Returning to New York, Clifton Webb teamed with Mae Murray in a ballroom dance act; they toured a chain of vaudeville theaters known as the Keith Circuit and performed in Manhattan restaurants. Webb had his Broadway debut in April of 1913 with the premiere of “The Purple Road” at the Liberty Theater, in which he played the role of Bosco for one hundred-thirty six performances. Between 1913 and 1917, Webb was continually on the Broadway stage and appeared in such vehicles as Sigmund Romberg’s “Dancing Around”, Ned Waybum’s all-star revue “Town Topics” , and Cole Porter’s comic opera “See America First”. 

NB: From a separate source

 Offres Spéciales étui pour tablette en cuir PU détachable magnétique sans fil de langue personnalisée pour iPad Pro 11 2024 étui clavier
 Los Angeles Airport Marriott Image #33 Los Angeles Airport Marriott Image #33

In 1917, Webb was the sensuous dancing star of “Love O’Mike”, a musical comedy produced by Lee Shubert and Elisabeth Marbury, a theatrical agent who lived in an open relationship with actress and famous interior decorator Elsie de Wolfe, also known as Lady Mendl. By the middle of the 1920s, Webb was one of Broadway’s highest-paid stars and reached his apex with the 1930 “Three’s a Crowd” and the very successful 1933 “As Thousands Cheered”, which featured the steamy torch song “Moanin’ Low” sung by Webb and actress Libby Holman. 

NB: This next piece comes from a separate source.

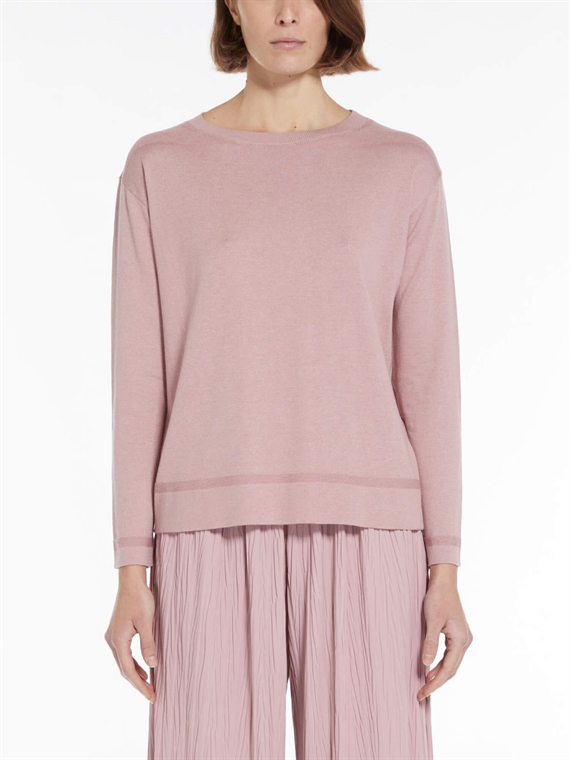 Max Mara Leisure Amadeus Strik, Pink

In 1935, Webb relocated to Hollywood where Metro Goldwyn Mayer, who hoped to make Webb a successful dancing star like RKO’s Fred Astaire, gave him an eighteen-month contract at three-thousand dollars a week. He was to star opposite Joan Crawford in a musical entitled “Elegance”; the picture was abandoned, however, Webb was paid all his money. For the next eighteen months, he was not offered any work but made many high-profile social appearances. He  often appeared wearing white gloves and a top hat, with his mother Mabel on his arm and his poodle Ernest, after Oscar Wilde’s “The Importance of Being Earnest”, trailing behind on a leash.  

In 1938, Clifton Webb returned to New York’s Broadway in “You Never Know”, written by his longtime friend Cole Porter. The stage version of “The Man Who Came to Dinner”, starring the stage and film actor Monty Woolley, premiered in the fall of 1939. Webb was cast as the acidic character Sheridan Whiteside for its touring version, a role in which he remained for eighteen months. In 1941, he played the character Charles Condomine, a successful novelist curious about seances,  in the initial performances of Noël Coward’s comic play “Blithe Spirit”.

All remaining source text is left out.